• [WORK INSTRUCTIONS]: Repeat the data word for word. Do not include the pictures.

• [DATA FOR ANALYSIS]:
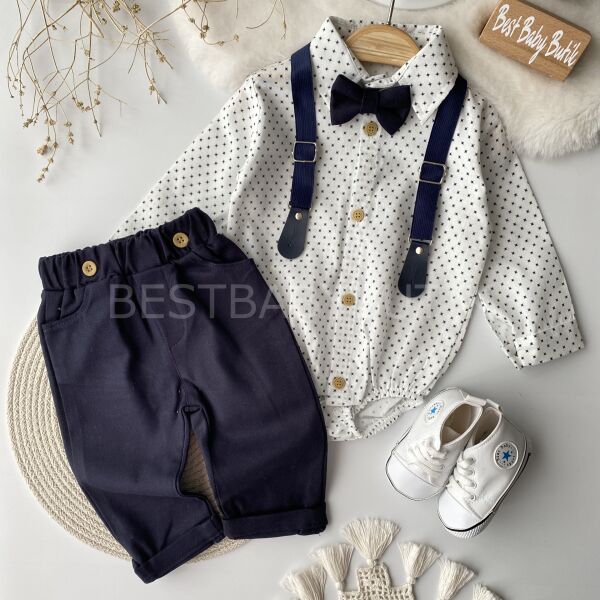 Carles Papyonlu Zıbın Gömlekli Askılı Takım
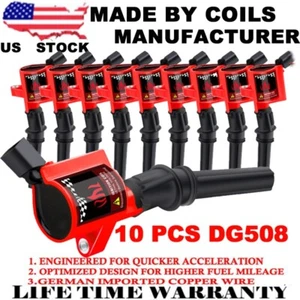 10 Pack Ignition Coils For Ford F150 F250 F350 4.6L 5.4L V8 & 6.8L V10 DG508 - Picture 1 of 16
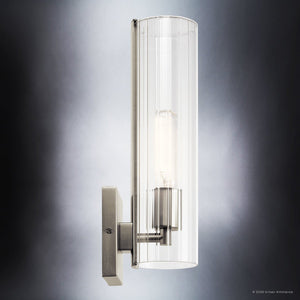 Urban Ambiance - Wall Sconce - UKC20342 Contemporary Indoor Wall Sconce, 14''H x 4.75''W x 5''Dep, Brushed Nickel Finish, Rivendale Collection - 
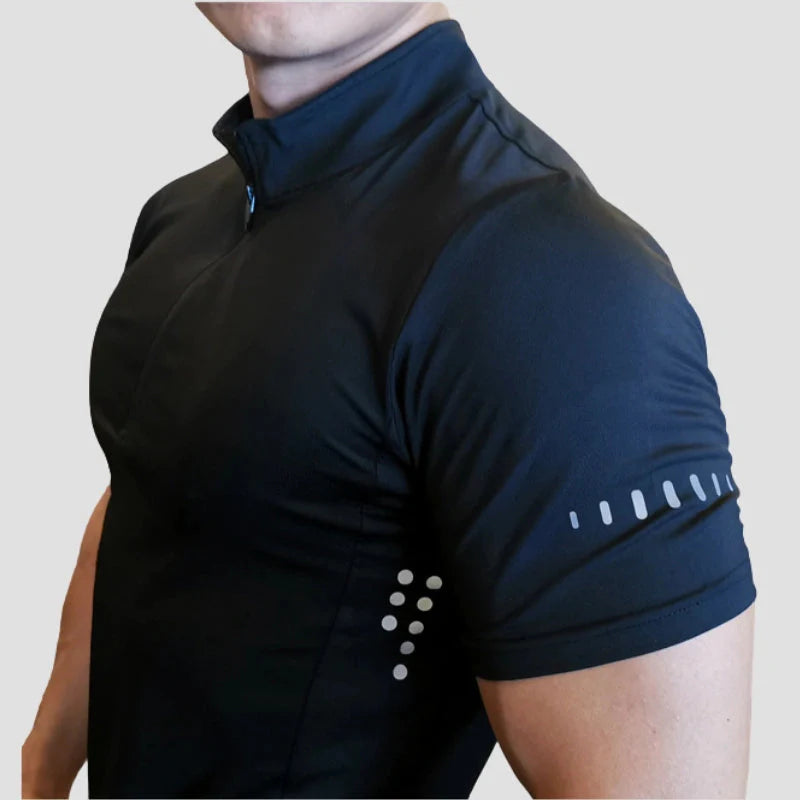 Camiseta Masculina Com Gola Zip Para Academia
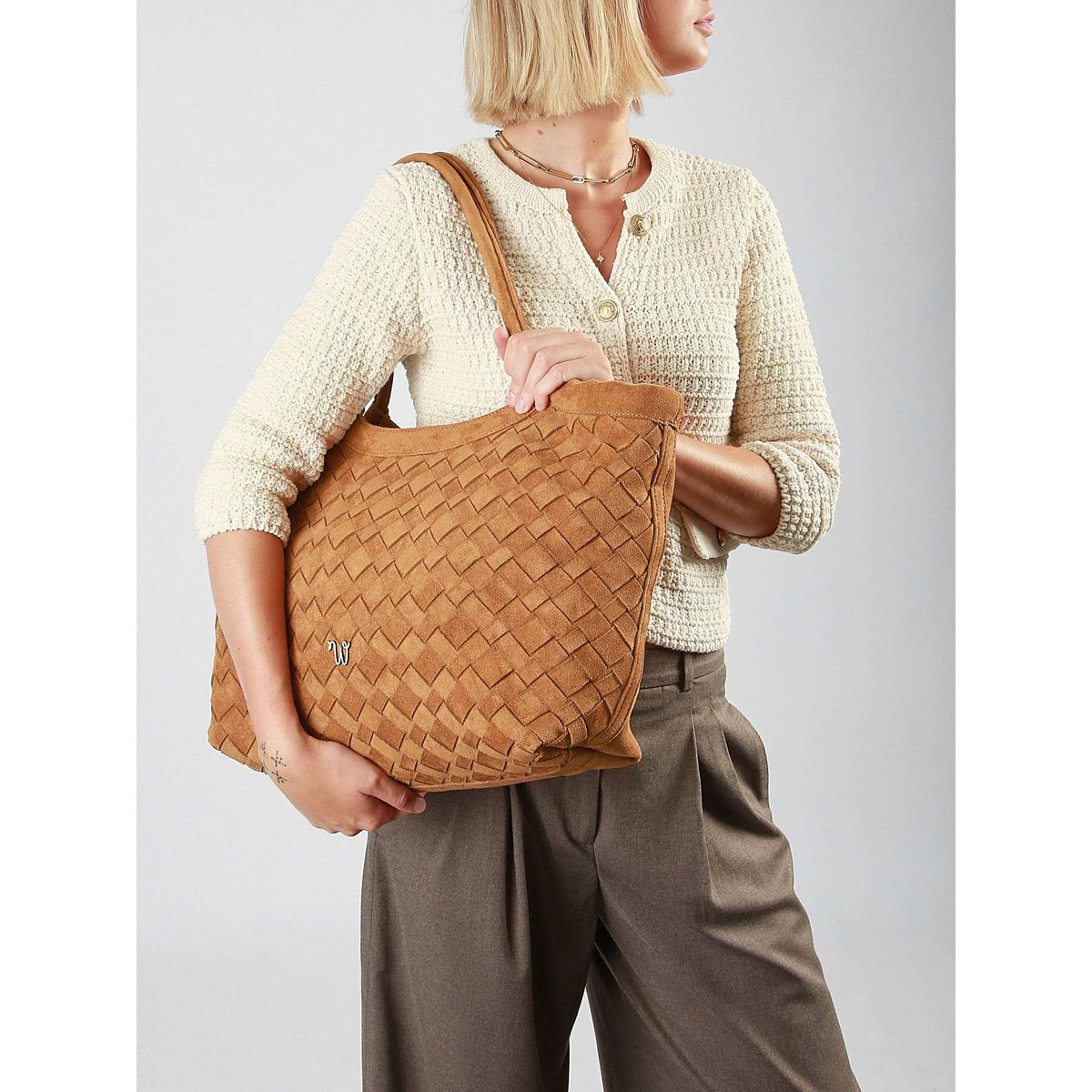 Sac porté épaule A4 Aubepine camel, WOOMEN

• [SOLUTION TO THIS PROBLEM]:
 Carles Papyonlu Zıbın Gömlekli Askılı Takım
 10 Pack Ignition Coils For Ford F150 F250 F350 4.6L 5.4L V8 & 6.8L V10 DG508 - Picture 1 of 16
 Urban Ambiance - Wall Sconce - UKC20342 Contemporary Indoor Wall Sconce, 14''H x 4.75''W x 5''Dep, Brushed Nickel Finish, Rivendale Collection - 
 Camiseta Masculina Com Gola Zip Para Academia
 Sac porté épaule A4 Aubepine camel, WOOMEN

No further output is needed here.